The prodigy returns.
Though Anathan “ana” Pham was technically retired for just one year and two months, it feels like he’s been away for far longer. But even when he tries to stay out of the spotlight, his skill at position one has always brought him back in—and his latest go at the competitive scene in a new environment might be his toughest test yet.
The 22-year-old talked about how pubbing prepped him for a full return to the competitive scene, why he eventually landed on T1, and how Dota teams communicate in an exclusive interview with ONE Esports.
How standing in for Liquid and Royal Never Give Up prepped ana for full return
Speculation surrounding ana’s return to the competitive scene started early this year. The Australian was back in the SEA server playing upwards of ten pubs a day, behind only active streamers.
But a proper turnout for a pro team didn’t materialize, despite rumors about—coincidentally—a potential joining up with T1. Even then, the Australian said that he “wasn’t sure if he still wanted to play.”
Thankfully, Aydin “iNSaNiA” Sarkohi called. It wasn’t until the Team Liquid captain came knocking for the Riyadh Masters 2022 before ana made his first pro appearance this year.
“iNSaNiA contacted me and asked if I wanted to stand-in at Riyadh,” ana wrote. “I thought it would be fun and a cool experience, so I was like: ‘why not?’”
When the Arlington Major visa crisis kicked into full-gear, another team was watching closely in Dubai. Chinese squad Royal Never Give Up needed a new carry player, and whatever they saw was enough for them to spring for the superstar.

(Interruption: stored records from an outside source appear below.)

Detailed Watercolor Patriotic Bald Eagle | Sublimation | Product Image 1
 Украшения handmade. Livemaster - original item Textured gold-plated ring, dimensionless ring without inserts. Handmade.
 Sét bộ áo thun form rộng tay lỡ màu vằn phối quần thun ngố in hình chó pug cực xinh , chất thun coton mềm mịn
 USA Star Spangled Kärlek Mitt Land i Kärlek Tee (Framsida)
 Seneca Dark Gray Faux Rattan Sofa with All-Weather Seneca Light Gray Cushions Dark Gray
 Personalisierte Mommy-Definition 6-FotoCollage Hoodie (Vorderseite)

“It took a little convincing, but I thought it would be another good experience,” he said.
March helped made T1 Ana materialize
But standing-in was a different proposition from a full-time slot. After their respective events, Liquid and RNG still preferred to have their season-long players with them. It was T1 who took the plunge, in the wake series of middling results throughout the year after a top eight finish at The International 10.
T1’s coach, Park “March” Tae-won reached out to ana, who found himself raring to go. Plus, with his former connections to OG, he brought in a special guest who’s also been inactive for a while.

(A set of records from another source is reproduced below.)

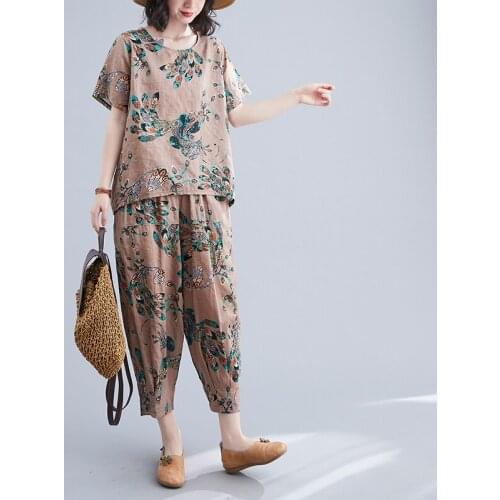 Thin Soft Cotton Linen Loose Summer Sets 2021 New Arrival Tops Harem Pants Two Piece Vintage Women Clothes Set Casual Set Suits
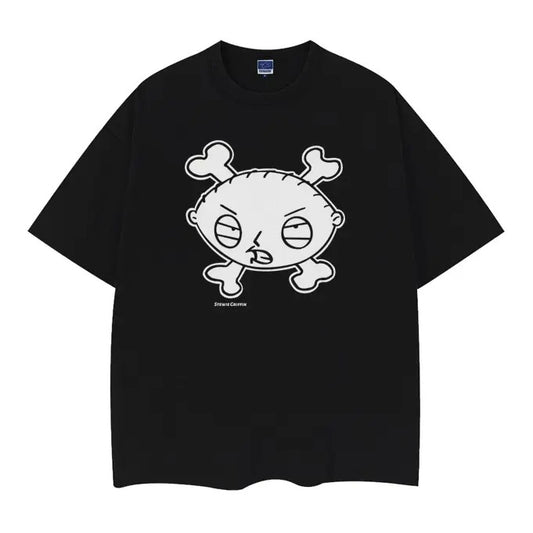 Family Guy "Stewie Griffin" Vintage Oversized Tee Anime T-shirt 100% Cotton Original Design DTG Printing Top Casual Black Man Menswear Tshirt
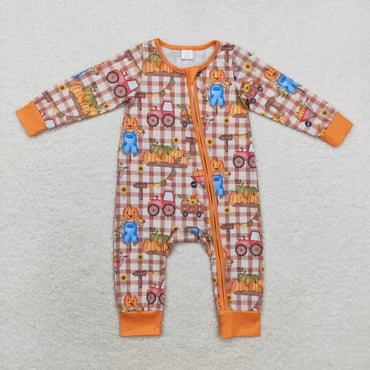 3.13 LR1046 RTS baby boy clothes pumpkin toddler boy halloween winter romper fall clothes-bamboo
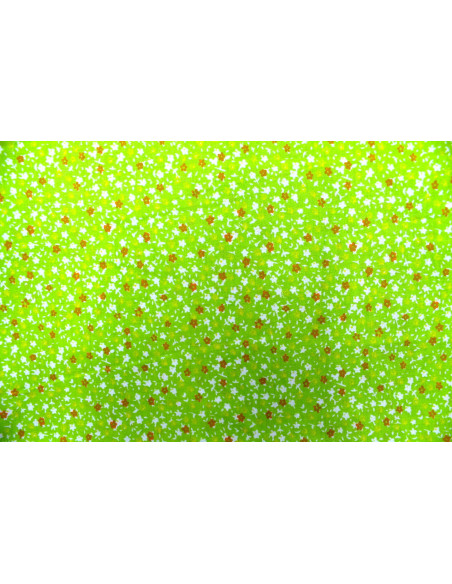 Tissu Popeline Coton Imprimé Fleur Nano Vert -Au Mètre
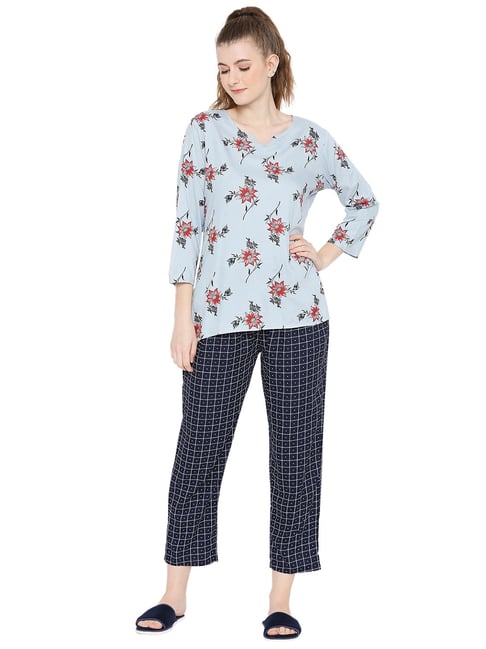 Smarty Pants Blue Cotton Floral Top With Pyjamas-picture-29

“March asked me if I am interested to play, and I think I wanted to compete,” he said. “So we had a talk and asked Topson if he is interested too.”
The rest, as they say, is history. He still had high praise for both his former and new teammate. In a meta where it seems increasingly difficult to play position one, ana said that Topias “Topson” Taavitsainen’s tendency to “own the map” “makes it easy “to secure farm and scale.”
Little time, but T1 is already working on strategies
T1’s toughest test lies ahead—the stacked TI11 Southeast Asia qualifiers that could make or break their season. But with less than a month to prepare, ana says T1 is already hard at work, even if the team doesn’t have much time to gel.
“Everyone seems to like each other, and that’s the most important thing.”
Though ana in recent years might be known more as a hard-farming carry, T1 has committed to dual-offlaner strategies that might remind fans of his earlier days as a hyperactive midlaner—which he claims is “potentially” on the cards.
And so, what’s the carry’s secret weapon?
“Vengeful Spirit,” said ana. “Because I can feed and still feel good.”